The Power of Simplicity

One of the most compelling aspects of this approach is its lightweight implementation. You don't need specialized libraries, complex model training, or extensive computational resources. The core logic can be implemented in a few dozen lines of code and runs quickly even on large datasets.

This simplicity brings several advantages. First, it's easy to integrate into existing data pipelines without major infrastructure changes. Second, the results are immediately interpretable – no need to decode complex model coefficients or feature importance scores. Third, it's robust to many of the assumptions that can trip up more sophisticated methods.

Why It Works in Practice

Traditional A/B testing often stops at comparing group averages, but this technique encourages deeper investigation. Instead of just asking whether Variant A outperformed Variant B overall, we measure how strongly individual user features (such as device type, prior purchase history, or traffic source) are associated with the conversion outcome within each group. This helps you validate whether your experiment actually influenced behavior across the board, or if the observed lift was driven primarily by a specific user segment.

This kind of validation is crucial for building sustainable product improvements. It's the difference between stumbling onto a temporary win and understanding the underlying mechanisms that drive success.

In an era where explainable AI is increasingly important, this method delivers transparency by design. When you present results to product managers, executives, you can provide clear explanations of why certain features matter.

This transparency also makes it easier to spot potential issues. If your model is flagging features that don't make business sense, you'll notice immediately. If there are concerning patterns related to protected characteristics, they'll be visible rather than hidden in model weights.

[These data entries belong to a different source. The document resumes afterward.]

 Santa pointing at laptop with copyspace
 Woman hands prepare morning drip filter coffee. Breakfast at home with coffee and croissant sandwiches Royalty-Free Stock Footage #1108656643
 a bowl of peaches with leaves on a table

The practical benefits extend to implementation as well. Since this is a model-free approach, you don't need to worry about model drift, retraining schedules, or complex deployment pipelines. The method is stateless – you can run it on demand, integrate it into exploratory analysis, or embed it in automated reporting.

This makes it perfect for rapid prototyping and iterative analysis. Data scientists can quickly test hypotheses, validate findings, and communicate results without getting bogged down in model management overhead.

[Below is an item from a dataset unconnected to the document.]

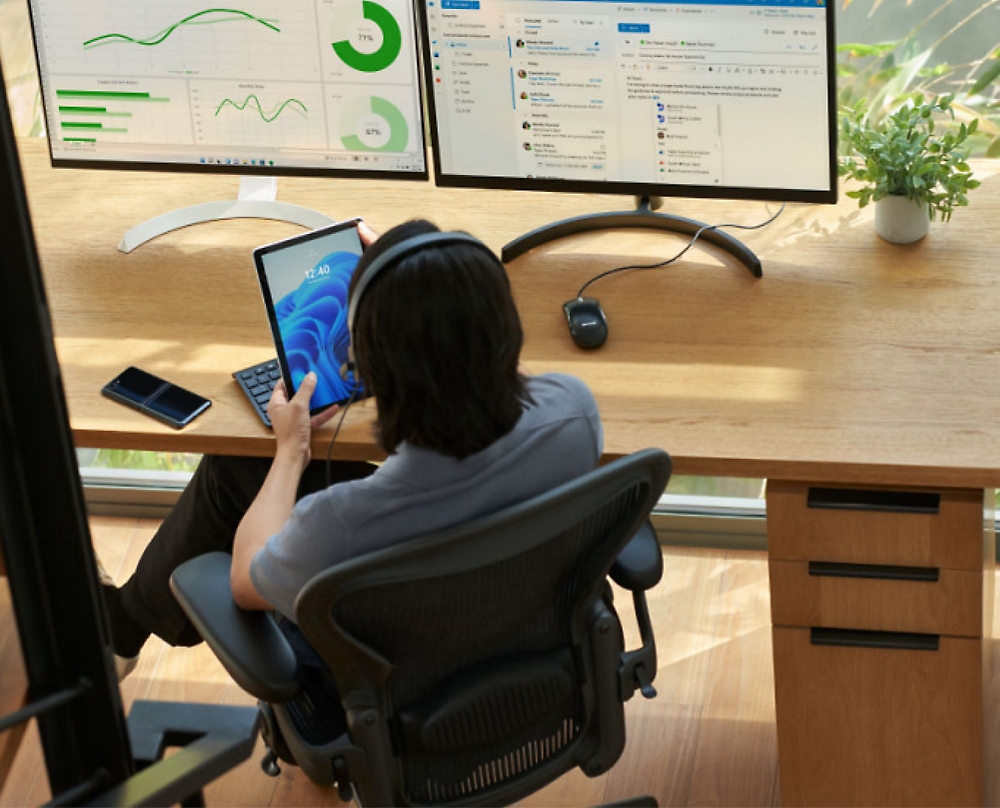 A person sitting at a desk with a tablet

Despite its effectiveness, this approach remains surprisingly underutilized in the tech industry. Most data science teams are familiar with the latest deep learning architectures but haven't explored the rich toolkit of statistical methods developed in other fields. This represents a missed opportunity – sometimes the simplest tools are the most powerful.

The medical research community has refined these techniques over decades, dealing with small sample sizes, rare outcomes, case-control studies, and the need for interpretable results. These constraints have produced methods that are both statistically rigorous and practically useful.